A signal is a small integer (1 through 64, give or take) that one process sends to another to say "something happened" or "do this." The kernel delivers signals asynchronously: the target process is interrupted — possibly mid-instruction — and either runs a handler function, gets killed, gets stopped, or ignores it entirely, depending on how the signal is configured.

Signals are the Linux analogue of interrupts. They are:

  • Fast. A single kernel operation; no shared memory or sockets needed.
  • Limited. Only a number. Some signals can carry a small siginfo_t payload, but you cannot pass a string.
  • Asynchronous. The target process does not know when the signal will arrive, only that it might.
  • Easy to get wrong. Handlers run in a constrained environment (only async-signal-safe functions); handlers can interrupt each other; signals can be lost if sent faster than they can be handled.
KEY CONCEPT

A signal is not a message. It is an event. The payload is the fact that it happened, not what it contains. Knowing which signals you should listen for and what the default action is for each — that is 80% of getting signals right in production.

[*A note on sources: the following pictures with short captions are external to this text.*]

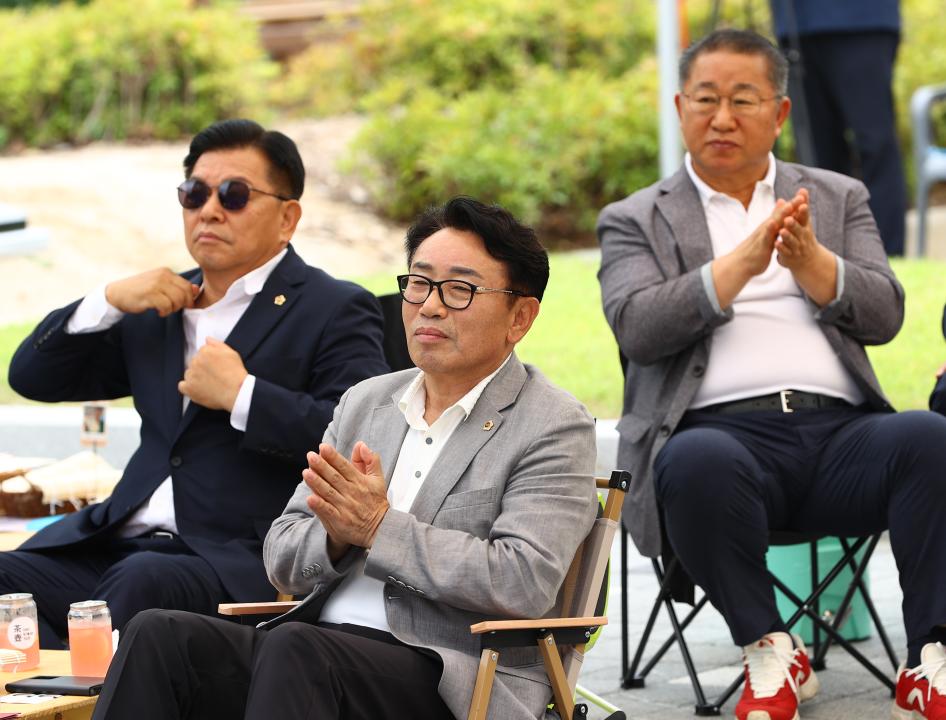 '대한민국시도의회운영위원장협의회 제11대 전반기 제9차 정기회' 게시글의 사진(61) '2025-08-21 대한민국시도의회운영위원장협의회 제11대 전반기 제9차 정기회 (71).jpg'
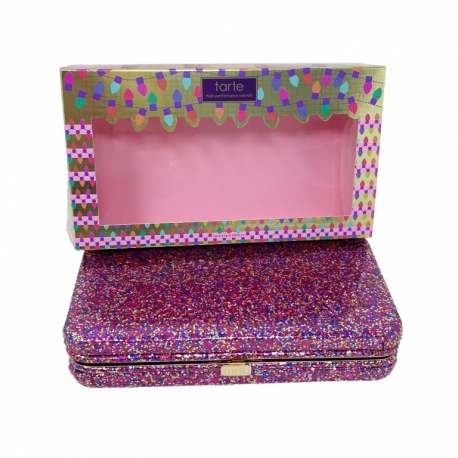 Tarte Paleta de Sombras Estuche Glitter High Performance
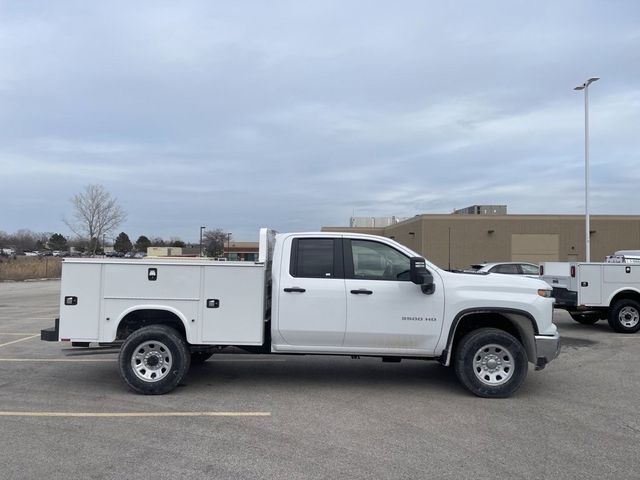 2024 Chevrolet Silverado 3500HD Work Truck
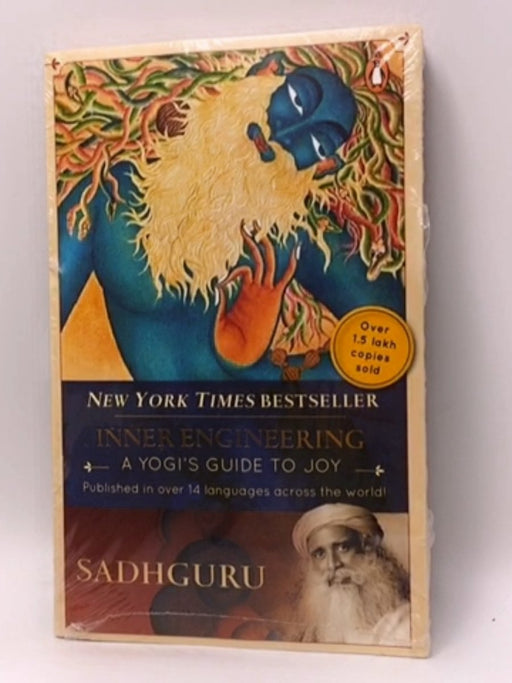 Inner Engineering - Jaggi Vasudev (Sadhguru); 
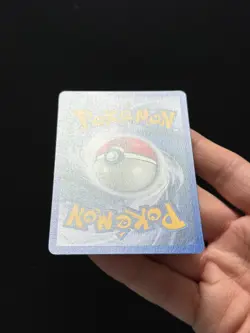 Pokemon Gengar 5/62 Fossil Holo Unlimited Holo Rare 80 HP English Card 5/62 - Image 5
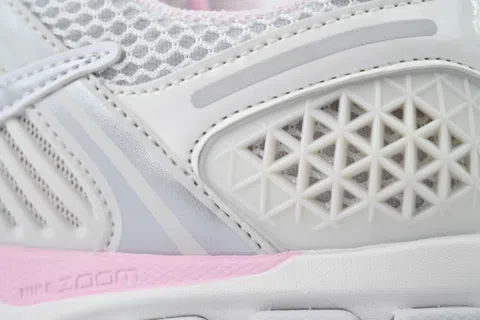 Nike Zoom Vomero 5 White/Pink/Grey – photo 6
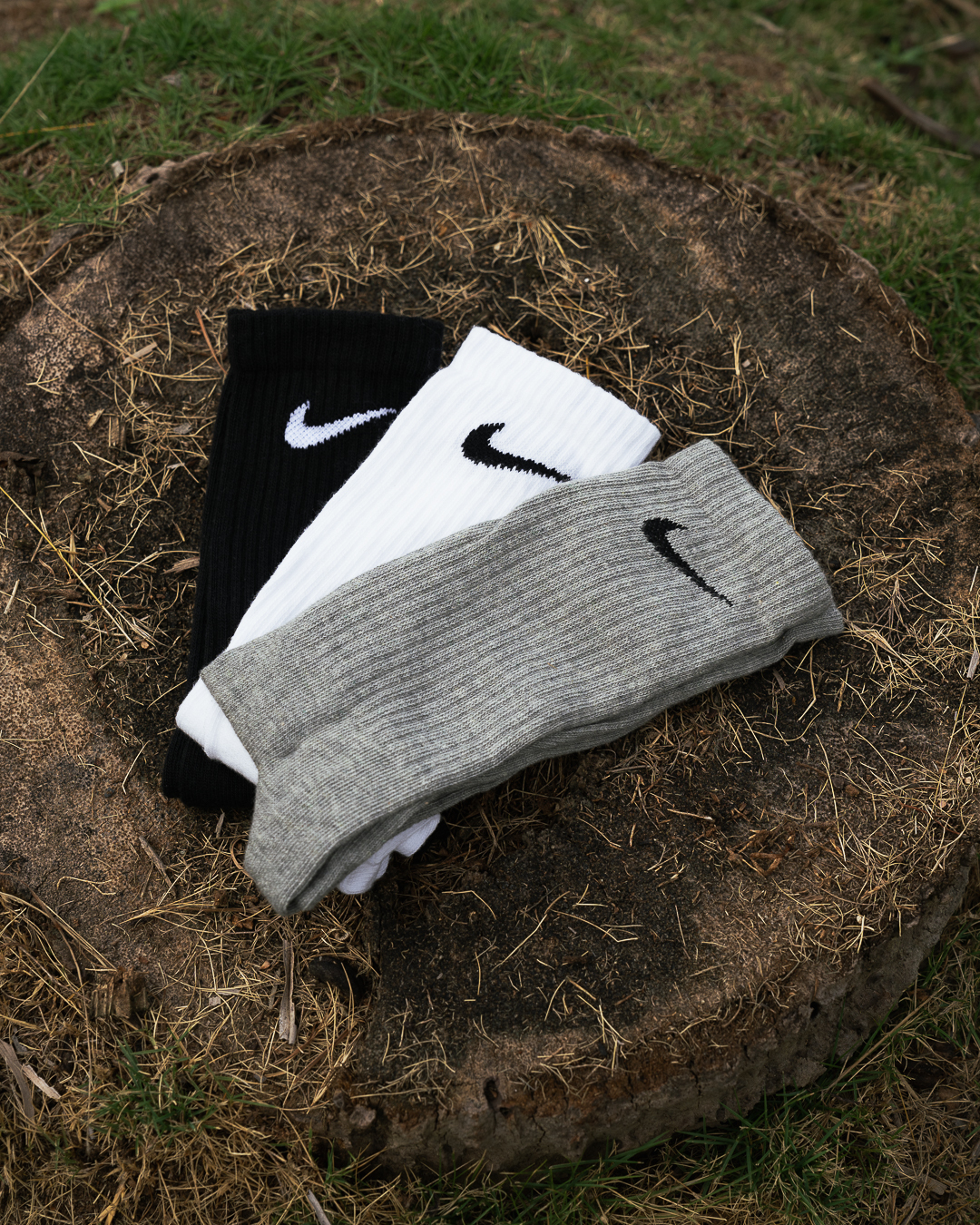 『 Nike三原色🔥 』Nike Performance Lightweight 襪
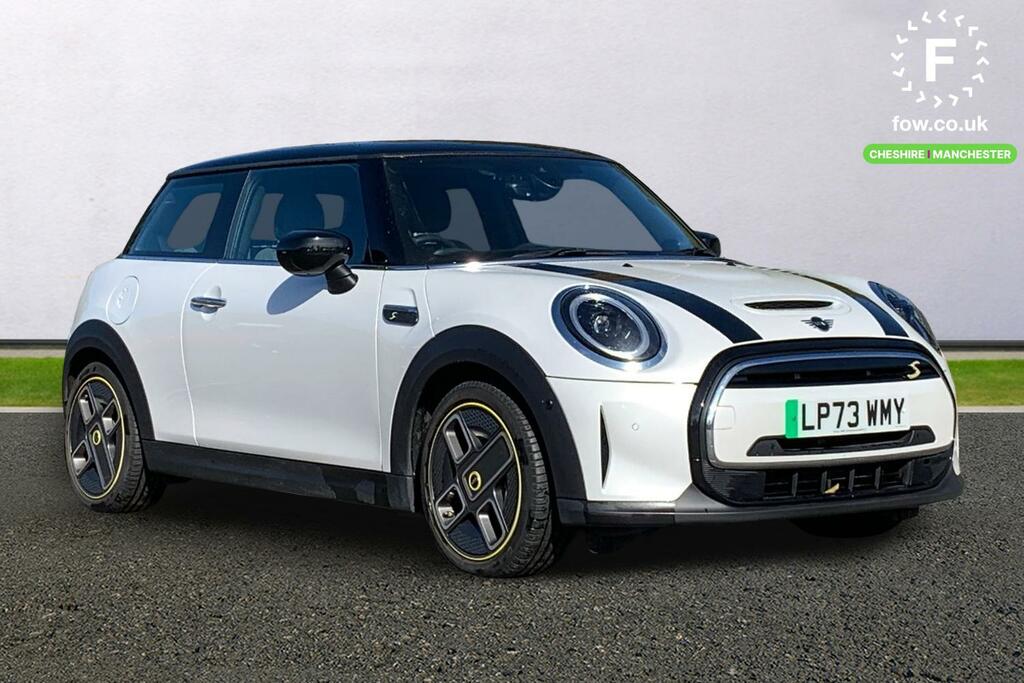 Mini Hatch 135Kw Cooper S Level 3 33Kwh LP73WMY White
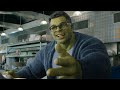 Understanding the Hulk and Time Travel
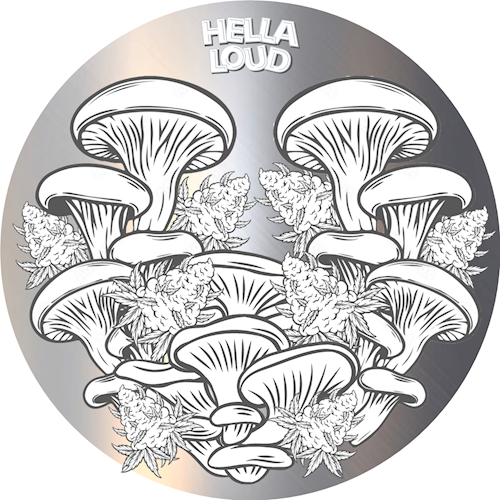 Hella Loud - White Truffle Joints 2pk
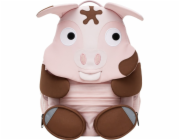 Großer Freund Tonie Schwein, Rucksack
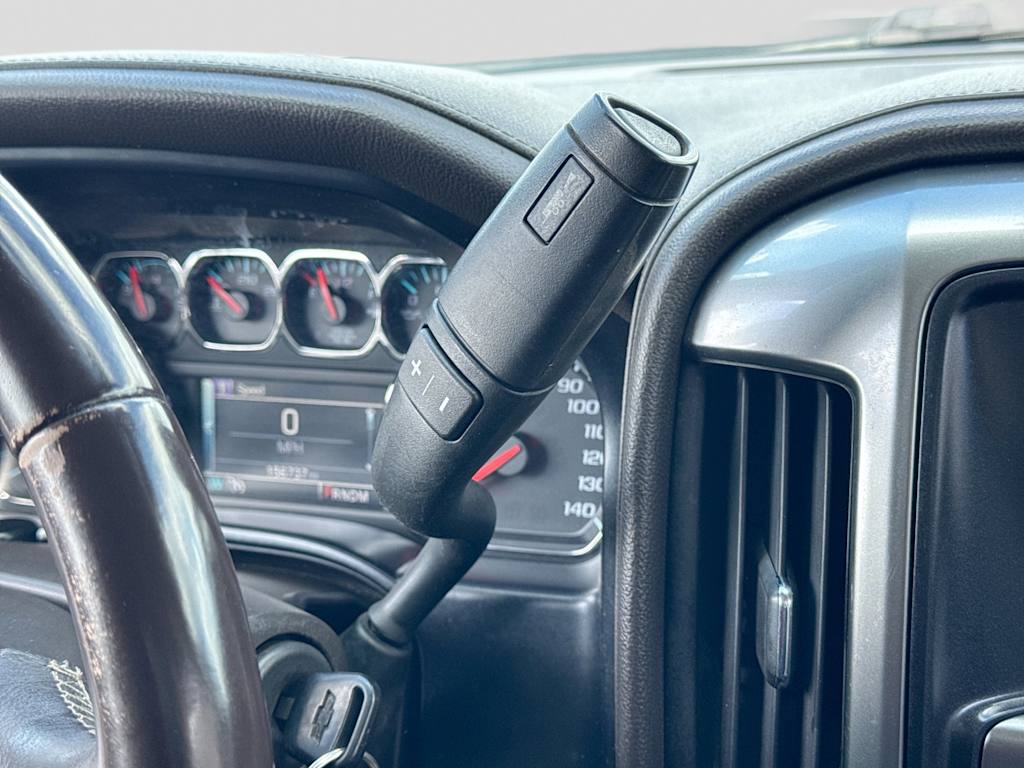 Thumbnail: 2015 Chevrolet Silverado 2500 - 34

The Signals You Actually Use

There are 64 signal slots, but in practice you care about maybe a dozen.

SignalNumberDefault actionWhat it means
SIGHUP1Terminate"Controlling terminal closed" — also used by daemons as "reload config"
SIGINT2TerminateCtrl-C from a terminal
SIGQUIT3Terminate + core dumpCtrl-\ from a terminal — like SIGINT but dumps core
SIGKILL9TerminateCannot be caught, blocked, or ignored — the nuclear option
SIGBUS7Terminate + coreBus error (misaligned memory, mmapped file truncated)
SIGSEGV11Terminate + coreSegmentation fault — bad memory access
SIGPIPE13TerminateWrote to a pipe/socket with no readers
SIGALRM14Terminatealarm() timer expired
SIGTERM15TerminatePolite "please exit" — the one you catch for graceful shutdown
SIGCHLD17IgnoreA child process exited (reap it!)
SIGCONT18ContinueResume a stopped process
SIGSTOP19StopCannot be caught — hard-stops the process
SIGTSTP20StopCtrl-Z from a terminal — like SIGSTOP but catchable
SIGUSR110TerminateUser-defined — apps do whatever they want with it
SIGUSR212TerminateUser-defined — same idea
# The complete list on your system
kill -l
#  1) SIGHUP   2) SIGINT   3) SIGQUIT  4) SIGILL    5) SIGTRAP
#  6) SIGABRT  7) SIGBUS   8) SIGFPE   9) SIGKILL   10) SIGUSR1
# 11) SIGSEGV 12) SIGUSR2 13) SIGPIPE 14) SIGALRM  15) SIGTERM
# ...

# See what handlers a running process has installed
cat /proc/$PID/status | grep -E '^Sig'
# SigQ:   2/31389
# SigPnd: 0000000000000000
# SigBlk: 0000000000000000
# SigIgn: 0000000000001000
# SigCgt: 0000000180014a07     <- bitmask of caught signals

# Decode the bitmask (requires parsing but tools exist)
awk '/^SigCgt/{print $2}' /proc/$PID/status | xargs -I{} bash -c 'python3 -c "n=int(\"{}\",16); [print(i+1) for i in range(64) if n>>i & 1]"'
WARNING

SIGKILL (9) and SIGSTOP (19) are special: no program can catch, block, or ignore them. The kernel enforces this. They are the two signals that always work. When you absolutely need to kill a misbehaving process, kill -9 is the answer. But it gives the process zero chance to clean up — no flushing buffers, no closing connections, no unlocking files. Reach for SIGKILL only after SIGTERM has failed.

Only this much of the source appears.